In a speech read on his behalf, by Dr. Vimbai Samukange, Dr. Leonard Madzingaidzo, the SIRDC Chief Executive Officer said the Government of Zimbabwe has embraced GE technology, and through, the Scientific and Industrial Research and Development Centre (SIRDC) together with the regulator the National Biotechnology Authority (NBA) has led in the crafting of a National Genome Editing Communication and Advocacy Strategy, (GECAS).
This strategy shows commitment to harnessing the power of cutting-edge technology for the benefit of the country and its people through transparent, honest, and timely communication.
With new technologies coming up, Dr. Madzingaidzo said there is a need to continuously review the education curriculum and in this case, the inclusion of genome editing modules in the curriculum will equip students with the necessary knowledge and skills to navigate the dynamic landscape of modern science.
He said it will empower them to become active contributors to the scientific community, driving progress and innovation in various sectors. Embracing genome editing as an integral part of the educational framework fosters a generation of scientists who will shape the future of Zimbabwe and contribute to global advancements in science and technology.
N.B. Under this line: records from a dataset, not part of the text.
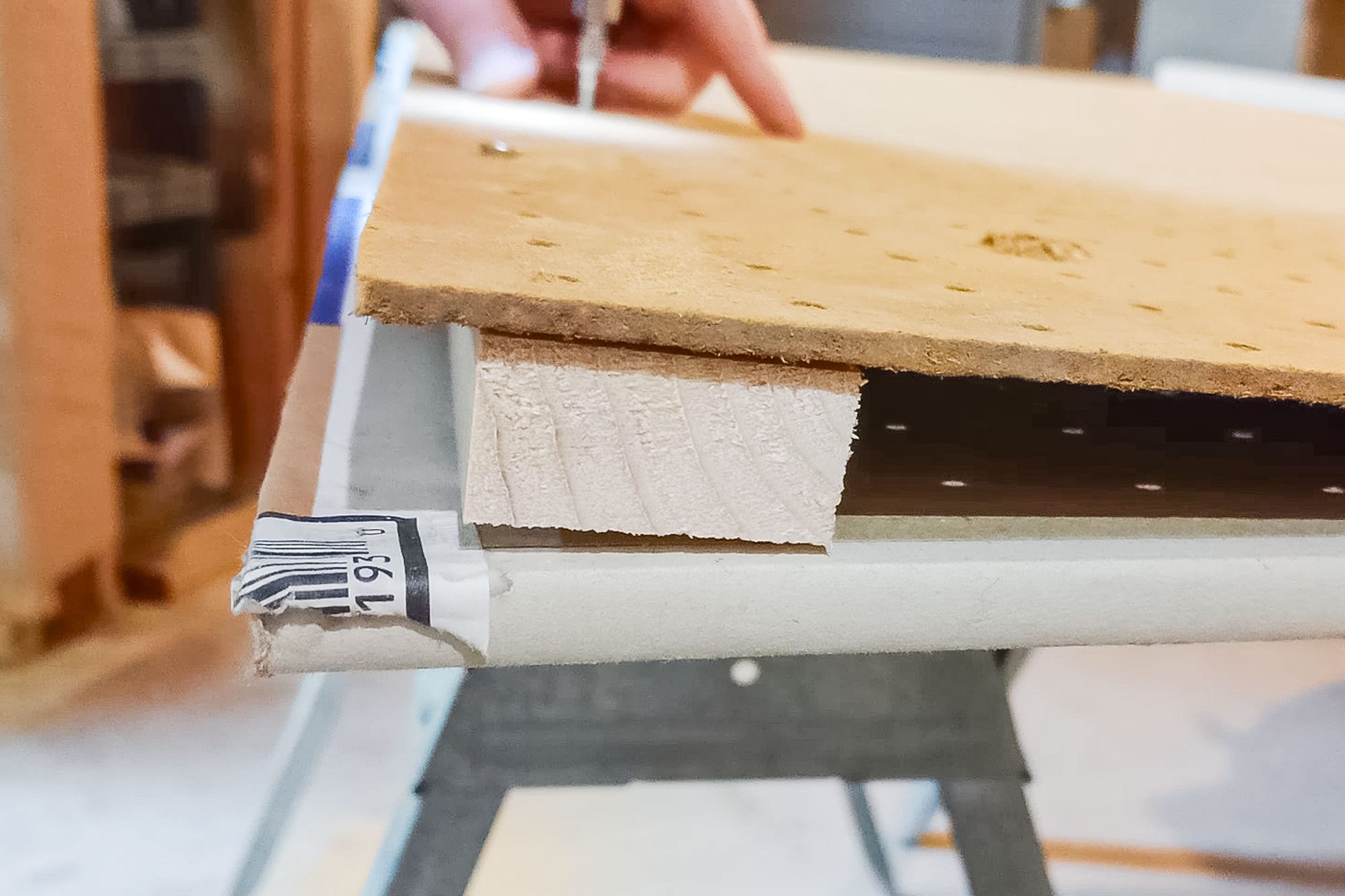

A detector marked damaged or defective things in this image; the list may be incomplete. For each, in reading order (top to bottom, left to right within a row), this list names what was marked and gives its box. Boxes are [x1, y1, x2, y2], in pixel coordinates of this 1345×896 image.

torn paper tape [230, 508, 490, 648]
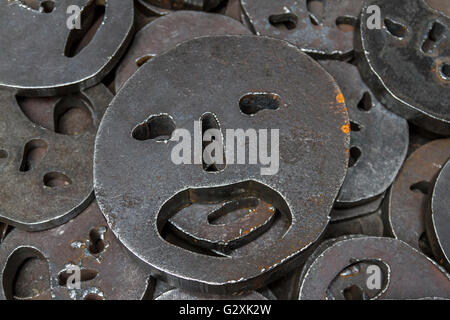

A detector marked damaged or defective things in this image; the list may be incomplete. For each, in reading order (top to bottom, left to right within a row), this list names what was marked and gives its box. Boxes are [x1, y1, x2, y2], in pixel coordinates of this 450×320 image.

rusted metal surface [0, 0, 134, 96]
rusted metal surface [114, 11, 251, 91]
rusted metal surface [241, 0, 364, 58]
rusted metal surface [356, 0, 448, 135]
rusted metal surface [0, 84, 110, 231]
rusted metal surface [0, 200, 153, 300]
rusted metal surface [94, 34, 348, 292]
rusted metal surface [298, 235, 450, 300]
rusted metal surface [382, 139, 450, 255]
rusted metal surface [428, 158, 450, 270]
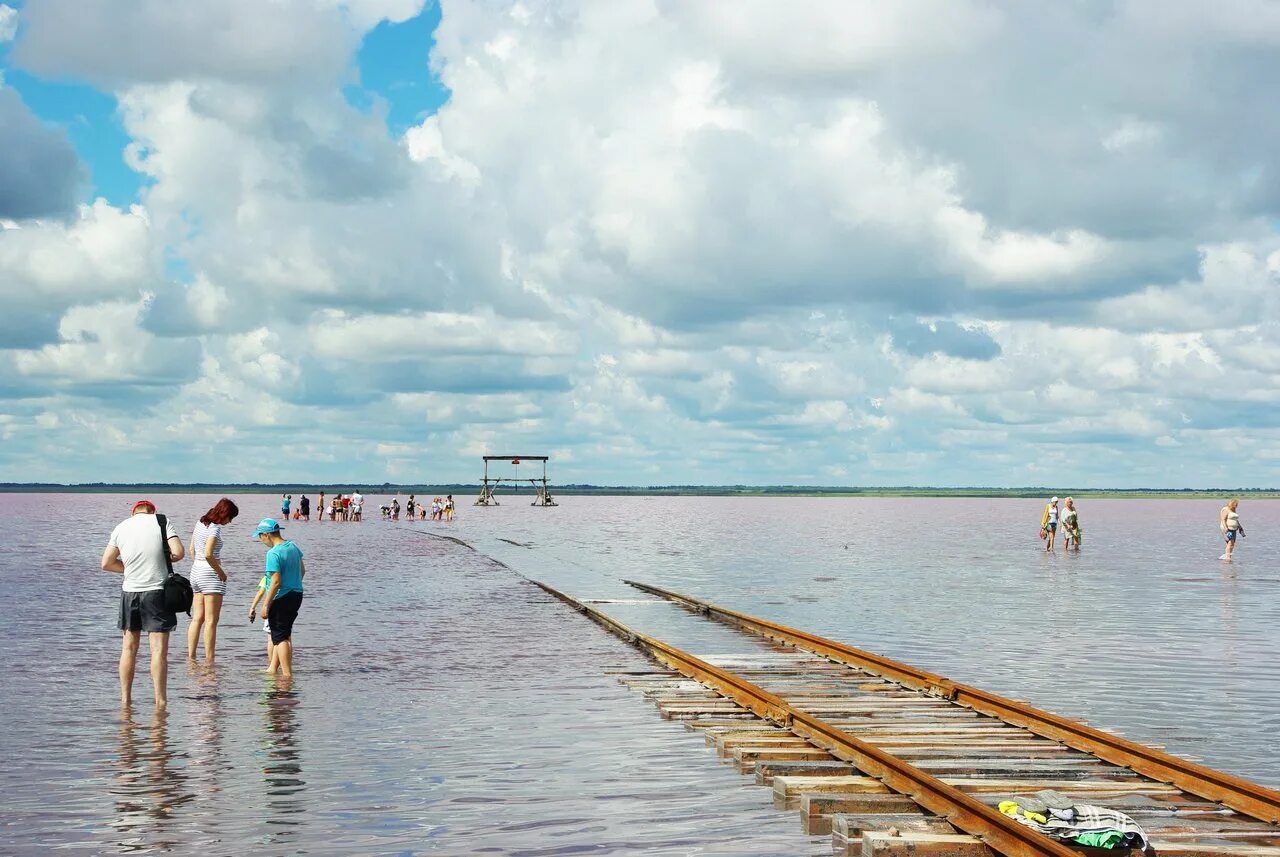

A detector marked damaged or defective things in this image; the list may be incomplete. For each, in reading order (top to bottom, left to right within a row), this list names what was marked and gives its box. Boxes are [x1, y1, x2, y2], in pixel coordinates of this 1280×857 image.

rusty rail [529, 578, 1080, 857]
rusty rail [624, 580, 1280, 828]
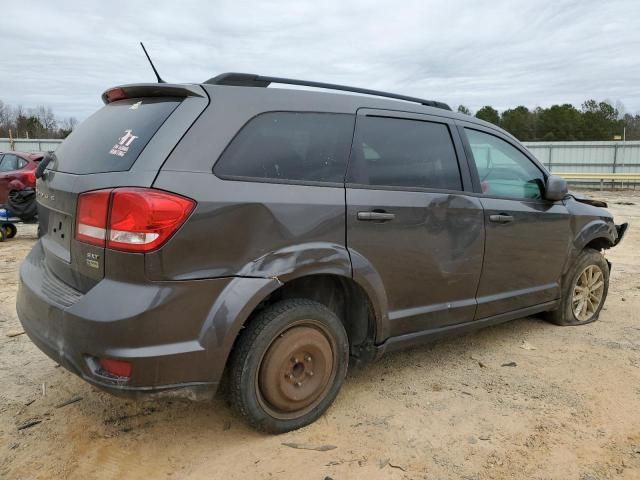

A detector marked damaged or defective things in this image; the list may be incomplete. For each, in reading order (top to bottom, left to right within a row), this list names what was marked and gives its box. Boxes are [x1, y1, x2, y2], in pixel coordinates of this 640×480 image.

exposed wheel well [249, 274, 376, 360]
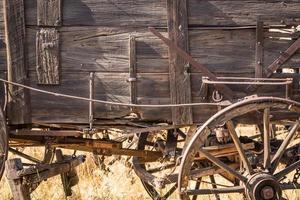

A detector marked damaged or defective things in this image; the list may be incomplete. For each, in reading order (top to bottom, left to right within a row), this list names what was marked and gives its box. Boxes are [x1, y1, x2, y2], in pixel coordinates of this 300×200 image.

rusted metal chain [0, 78, 232, 109]
rusty iron wheel [132, 129, 186, 199]
rusty iron wheel [178, 97, 300, 200]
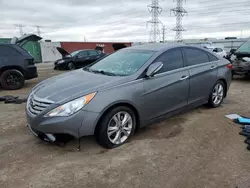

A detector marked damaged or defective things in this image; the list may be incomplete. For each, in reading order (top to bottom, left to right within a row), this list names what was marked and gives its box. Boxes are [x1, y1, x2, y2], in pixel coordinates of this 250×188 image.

“Integrating genome editing modules into the curriculum aligns with National Vision 2030, of attaining an upper-middle income society as well as dovetailing the African vision of promoting sustainable development – Agenda 2063 dubbed “Africa we want”.
“The potential applications of genome editing in agriculture can help us develop crops that are more resistant to diseases, pests, and environmental stresses. This, in turn, will enhance food security and contribute to the well-being of our nation, as livelihoods are improved. Additionally, genome editing offers new avenues for the treatment of genetic disorders, potentially transforming the lives of individuals affected by such conditions,” he added.
Susan Dada, Senior Programme Officer at AUDA-NEPAD Centres of Excellence said such meetings strengthen linkages among universities and colleges to help foster a value-adding network to support an enhanced adoption of Genome Editing through a common understanding of the tool and its potential to optimize agriculture.
She said she envisages a rapid appraisal of current curriculum, standards, and best practices by schools and departments of agriculture, technology, and innovation focusing on agricultural biotechnology to identify gaps.